Na mesma sessão, apresentou dois outros requerimentos, que, apesar do seu carácter genérico, eram inspirados flagrantemente, nas condições e necessidades verificadas na sua região natal. Neles formula uma petição ao governo para que, no intervalo das sessões certamente devido ao período de férias que se acercava – estude os meios de estabelecer creches nos distritos marítimos, e assim, naturalmente ocorra às dificuldades em que viviam as classes piscatórias; e o modo de plantar pinheiros nos areais - providência que só viria a tomar-se algumas dezenas de anos mais tarde.

Noticiando esta diligência do conterrâneo ilustre e devotado e pondo em relevo os benefícios que dessas iniciativas se podiam lograr, escrevia então «O Campeão do Vouga»: (4)

«Damos ao Sr. José Estêvão os nossos sinceros agradecimentos. S. S.ª provou aos seus patrícios o quanto sabe ser generoso, e que, quando se trata do bem do seu país, e em especial do da sua terra, até se esquece da ingratidão dos que lhe devem finezas e consideração. Guerreado nas últimas eleições, e acusado de se ter esquecido dos interesses da sua terra, S. S.ª, que sempre a amou, e que dela se lembra incessantemente, deu uma convincente prova de que ele é, e será enquanto viver o advogado dos interesses de Aveiro, como ele é o seu mais distinto filho».

Em dois passos do minucioso relatório que por essa altura apresentou à Junta Geral do Distrito, e onde tantos e tão valiosos elementos de informação se podem recolher para o estudo desse período realentador da vida regional, também o governador civil de então, Antero Augusto da Silveira Pinto, realça a importância das propostas apresentadas, e promulgadas como leis, e a constante e frutuosa devoção de José Estêvão ao progresso da sua terra.

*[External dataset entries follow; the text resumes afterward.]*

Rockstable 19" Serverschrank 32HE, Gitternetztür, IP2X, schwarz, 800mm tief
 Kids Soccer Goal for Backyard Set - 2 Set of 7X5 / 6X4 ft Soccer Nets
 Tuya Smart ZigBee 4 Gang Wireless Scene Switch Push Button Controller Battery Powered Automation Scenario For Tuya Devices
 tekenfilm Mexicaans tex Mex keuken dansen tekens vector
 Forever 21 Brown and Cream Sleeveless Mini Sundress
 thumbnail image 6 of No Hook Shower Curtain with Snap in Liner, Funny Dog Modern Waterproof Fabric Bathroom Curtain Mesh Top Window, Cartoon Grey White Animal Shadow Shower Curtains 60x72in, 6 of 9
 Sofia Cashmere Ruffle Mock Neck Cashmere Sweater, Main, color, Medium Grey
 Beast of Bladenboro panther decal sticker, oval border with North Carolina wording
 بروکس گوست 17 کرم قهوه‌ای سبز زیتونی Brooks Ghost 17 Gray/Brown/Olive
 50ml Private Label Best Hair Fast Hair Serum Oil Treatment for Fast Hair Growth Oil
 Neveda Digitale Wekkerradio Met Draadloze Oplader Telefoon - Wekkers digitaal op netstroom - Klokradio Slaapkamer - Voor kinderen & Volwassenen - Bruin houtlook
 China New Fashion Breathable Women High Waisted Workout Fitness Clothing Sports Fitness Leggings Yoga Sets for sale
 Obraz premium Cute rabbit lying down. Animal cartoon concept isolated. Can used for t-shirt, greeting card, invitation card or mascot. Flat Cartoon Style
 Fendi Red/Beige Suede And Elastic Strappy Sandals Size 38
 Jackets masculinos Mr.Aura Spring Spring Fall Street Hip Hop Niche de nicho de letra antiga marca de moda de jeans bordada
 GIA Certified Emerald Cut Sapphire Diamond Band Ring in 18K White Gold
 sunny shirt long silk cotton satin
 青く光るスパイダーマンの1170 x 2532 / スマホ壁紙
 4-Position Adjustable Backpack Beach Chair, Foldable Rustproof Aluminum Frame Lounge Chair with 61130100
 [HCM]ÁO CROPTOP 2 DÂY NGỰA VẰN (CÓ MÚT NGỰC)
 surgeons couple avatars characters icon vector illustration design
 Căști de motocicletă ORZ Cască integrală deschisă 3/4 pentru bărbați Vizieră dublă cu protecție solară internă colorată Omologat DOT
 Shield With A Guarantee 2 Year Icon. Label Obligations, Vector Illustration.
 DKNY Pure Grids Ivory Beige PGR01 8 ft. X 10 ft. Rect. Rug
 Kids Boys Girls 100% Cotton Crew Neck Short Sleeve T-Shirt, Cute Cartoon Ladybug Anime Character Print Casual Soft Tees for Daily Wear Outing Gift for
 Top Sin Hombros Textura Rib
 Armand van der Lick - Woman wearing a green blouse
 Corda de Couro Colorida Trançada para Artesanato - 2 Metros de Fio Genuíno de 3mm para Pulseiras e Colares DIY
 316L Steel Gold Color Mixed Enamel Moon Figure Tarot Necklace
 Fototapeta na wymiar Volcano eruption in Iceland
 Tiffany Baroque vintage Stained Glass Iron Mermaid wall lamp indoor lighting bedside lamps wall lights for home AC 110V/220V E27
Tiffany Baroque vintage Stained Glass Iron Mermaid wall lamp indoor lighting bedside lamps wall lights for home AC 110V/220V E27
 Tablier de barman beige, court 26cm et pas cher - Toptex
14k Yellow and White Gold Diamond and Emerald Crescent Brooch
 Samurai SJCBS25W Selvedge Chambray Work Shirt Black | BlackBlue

O íntegro e operoso magistrado distrital, que, conforme assinalaria no seu necrológico um hebdomadário local muito parco em elogios, (5) «deixou o sinal indelével de uma administração enérgica» e, «terror dos bandoleiros, era também o espectro dos crapulosos / 41 / enfronhados num pedantismo alvar», refere-se no primeiro desses trechos à projectada construção do edifício para o liceu. Na comunicação que trazia àquele corpo administrativo informava que graças às «instâncias de um digno Deputado da Nação, filho d'esta Cidade, o Sr. José Estêvão Coelho de Magalhães, /.../ orçamento, e planta, devidamente elaborados, já foram enviados à competente Estação Superior». (6) Sobre este assunto nos deteremos mais adiante.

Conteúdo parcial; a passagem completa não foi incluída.